> **EXTRACTED MATERIAL**

"""

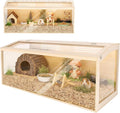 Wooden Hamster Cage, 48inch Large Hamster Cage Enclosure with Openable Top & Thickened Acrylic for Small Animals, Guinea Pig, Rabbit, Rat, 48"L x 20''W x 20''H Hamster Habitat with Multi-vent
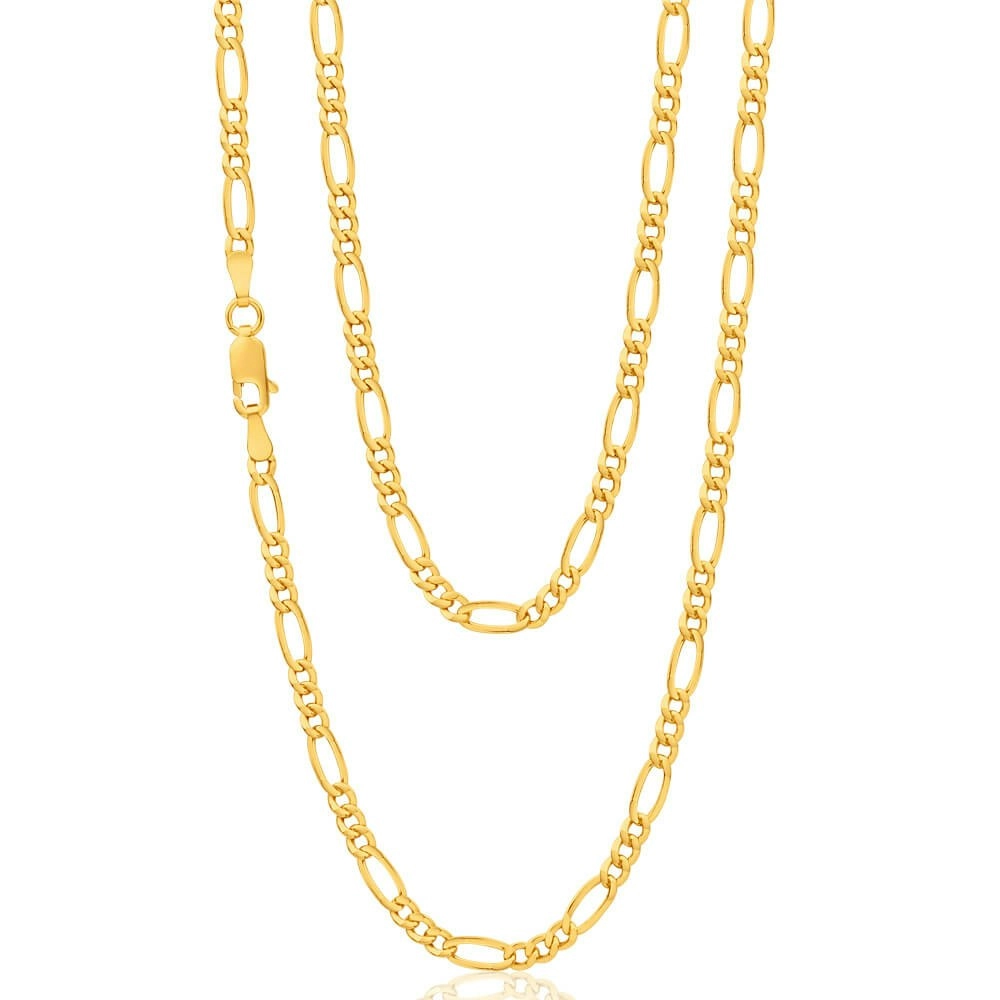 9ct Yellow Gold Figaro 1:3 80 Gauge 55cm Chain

"""
"""

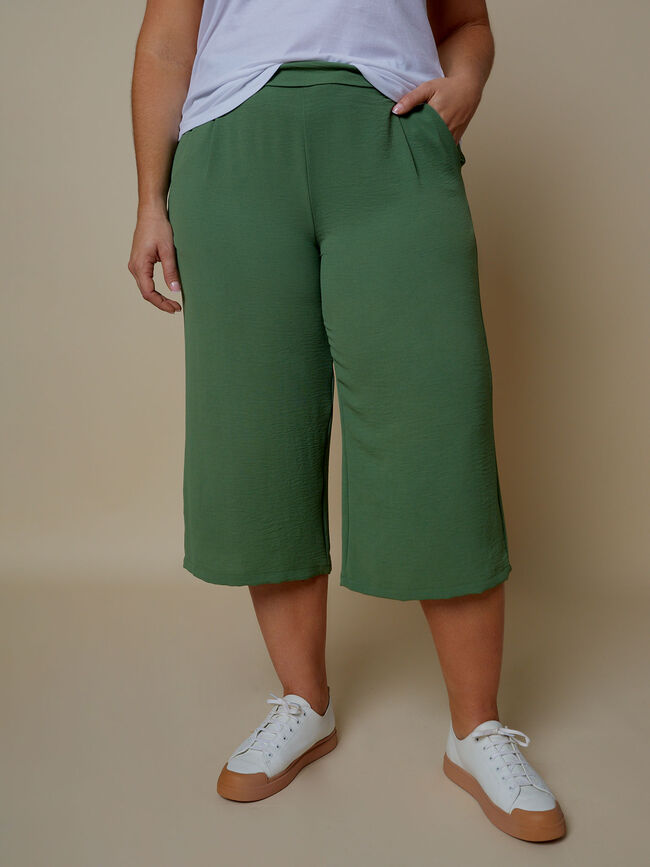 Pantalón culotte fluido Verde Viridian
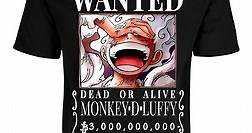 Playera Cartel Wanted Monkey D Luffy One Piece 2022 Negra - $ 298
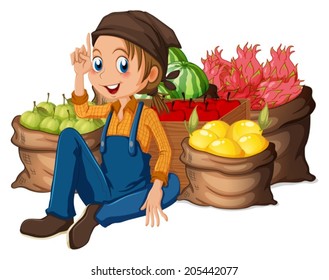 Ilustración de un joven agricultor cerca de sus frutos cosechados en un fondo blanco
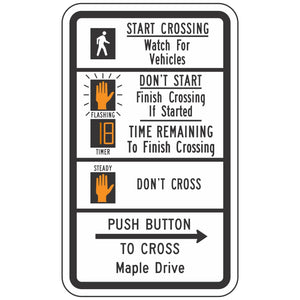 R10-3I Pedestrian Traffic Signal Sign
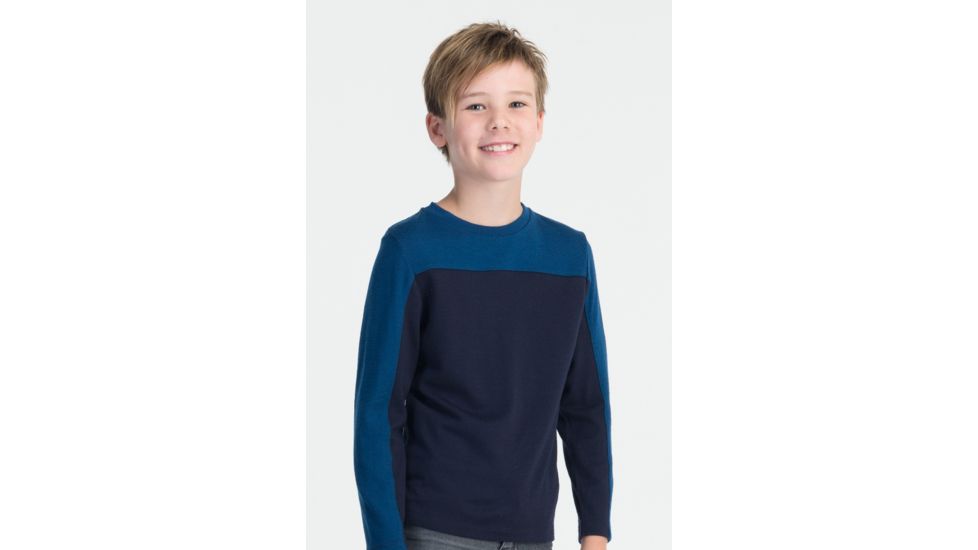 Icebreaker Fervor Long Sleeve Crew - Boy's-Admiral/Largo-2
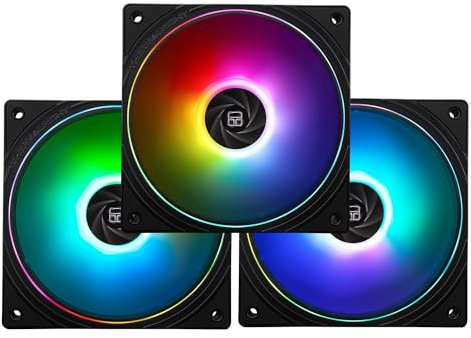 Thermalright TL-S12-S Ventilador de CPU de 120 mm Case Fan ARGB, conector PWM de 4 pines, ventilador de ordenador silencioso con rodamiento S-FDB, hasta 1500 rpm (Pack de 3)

"""

> **WHAT TO DO**
Output exactly the lines above, from the line with "Wooden Hamster Cage, 48inch" to the line with "9ct Yellow Gold", both included; skip the pictures.

> **OUTPUT OF THE EXERCISE**
 Wooden Hamster Cage, 48inch Large Hamster Cage Enclosure with Openable Top & Thickened Acrylic for Small Animals, Guinea Pig, Rabbit, Rat, 48"L x 20''W x 20''H Hamster Habitat with Multi-vent
 9ct Yellow Gold Figaro 1:3 80 Gauge 55cm Chain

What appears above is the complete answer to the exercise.